La fréquence de coupure descend jusque 40 Hz et monte au-delà de 20 kHz. Mauvais point, on entend des effets de palier à résonance modérée, lorsqu’on bouge l’encodeur à vitesse lente, vu qu’il n’y a que 127 valeurs ; c’est moins flagrant quand on accélère le mouvement, comme s’il y avait un algorithme de lissage en tâche de fond. La fréquence de coupure est directement modulable par une enveloppe dédiée, le LFO2 (celui qui est polyphonique), la vélocité initiale et le suivi de clavier (avec décalage de note). Toutes ces modulations sont bipolaires, tant mieux ! Augmenter la résonance atténue les basses, comme toujours sur ce genre de filtre. La pousser davantage met le filtre en auto-oscillation, avec génération d’une onde sinus assez douce en mode 4 pôles et plus criarde dans les autres positions. Là, on se rend compte que les voix de notre 002 mériteraient sérieusement d’être recalibrées ; hélas ce n’est possible par logiciel, on se croirait revenus 40 ans en arrière ! Pire, Modal Electronics ne fournit pas la procédure de calibration manuelle, imposant un retour atelier. Dommage, des photos publiées sur la toile révèlent qu’il n’y a que trois ajustables multitours par voix (sans doute deux pour le VCF et un pour le VCA…)
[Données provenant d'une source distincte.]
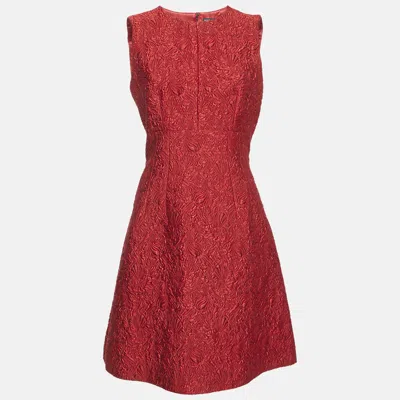 Pre-owned Dolce & Gabbana Red Jacquard Sleeveless Short Dress M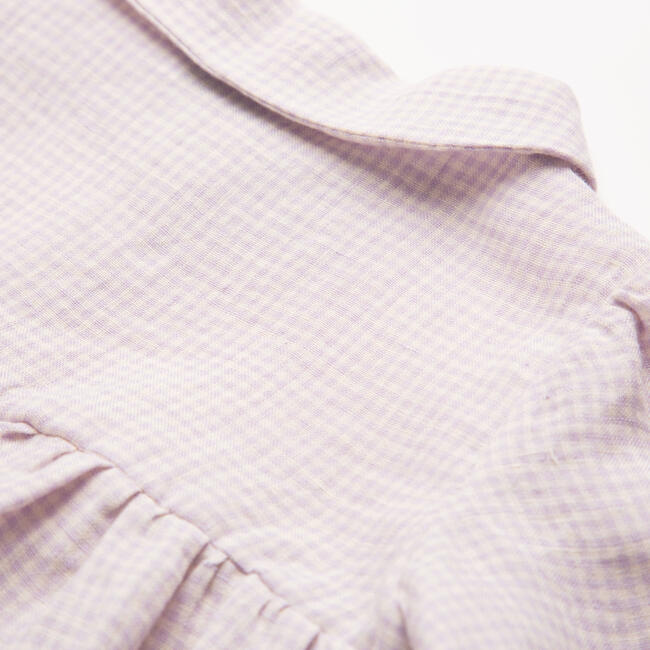 Duck, Duck, Goose Dress, Lavender Check Linen - Dresses - 4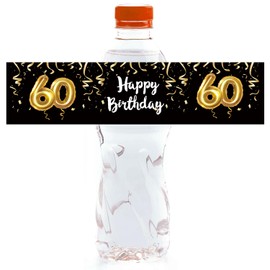 TENTADO 24 Black and Gold 60th Birthday Party Water Bottle Labels, 60 Labels per Pack, Perfect for 60th Birthday Parties and Anniversaries
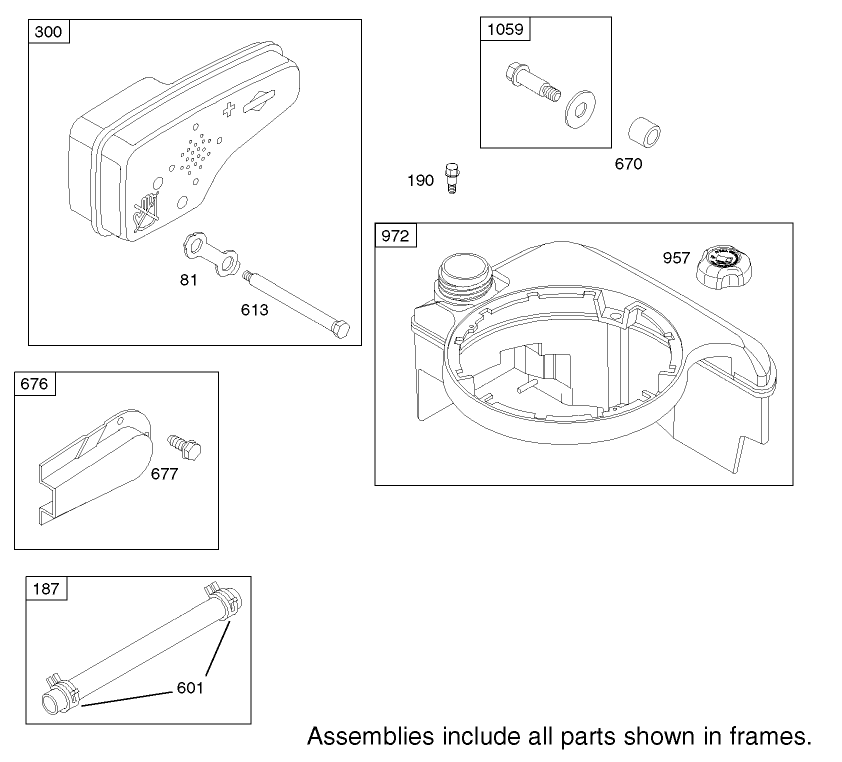 Muffler and Fuel Tank Assembly Engine Briggs and Stratton Model 124K02-0110-B1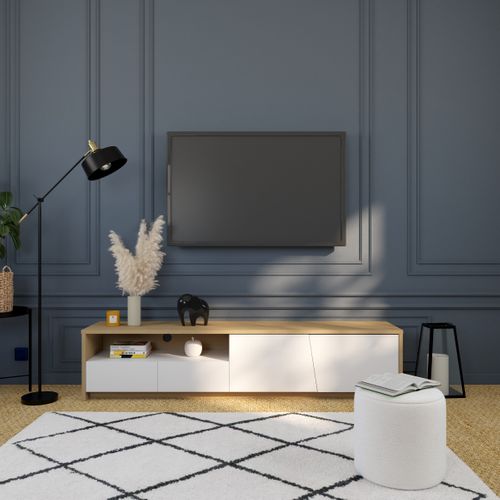 Meuble TV L. 190 cm ESSENTIAL Imitation chêne et blanc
Le signal passe enfin dans le VCA, doté d’une enveloppe dédiée avec réglage de quantité de modulation. Il n’y a pas d’autres modulations directes du volume, il faut passer par la matrice de modulation. Les voix sont alternativement routées vers les sorties gauche/droite, sauf avec la carte audionumérique/effets optionnelle où on peut toutes les centrer puis les envoyer vers les effets. Pourquoi Modal n’a-t-il pas ajouté de réglage de panoramique en mode Programme pour les 002 équipés de cette option, vu que cela existe en mode Performance ?
In the mod
Pour moduler le son de manière traditionnelle, on dispose d’un portamento (avec mode automatique), 2 LFO, 2 enveloppes et une matrice de modulation. Le LFO1 est global pour les 12 voix (ou par canal en mode multitimbral). Il offre quatre formes d’onde (sinus, dent de scie, carré et S&H) et un paramètre de vitesse avec possibilité de synchro MIDI (différentes divisions temporelles sont prévues). Le LFO2 est quant à lui polyphonique et un peu plus sophistiqué. En plus des paramètres du LFO1, il offre un délai, une modulation bipolaire de la vitesse par le suivi de clavier et plusieurs modes de cycle (libre, redéclenché, un seul cycle libre, un seul cycle redéclenché). Via le menu, on peut tripler la vitesse du LFO2 (mais pas jusqu’à l’audio) et passer en modulation positive (surtout utile avec l’onde carrée). Les deux enveloppes, de type ADSR, sont numériques. L’une est assignée au VCF, l’autre au VCA. On peut régler la courbe des segments de déclin et relâchement (linéaire ou exponentielle), l’attaque étant toujours linéaire (curieux). Ces enveloppes ont quelque chose d’étrange, leur étalonnage rend difficile la plupart des réglages, que ce soit sur des temps courts percussifs ou des extinctions de relâchement. Un paramètre permet de décider si l’enveloppe est redéclenchée ou non à chaque note jouée.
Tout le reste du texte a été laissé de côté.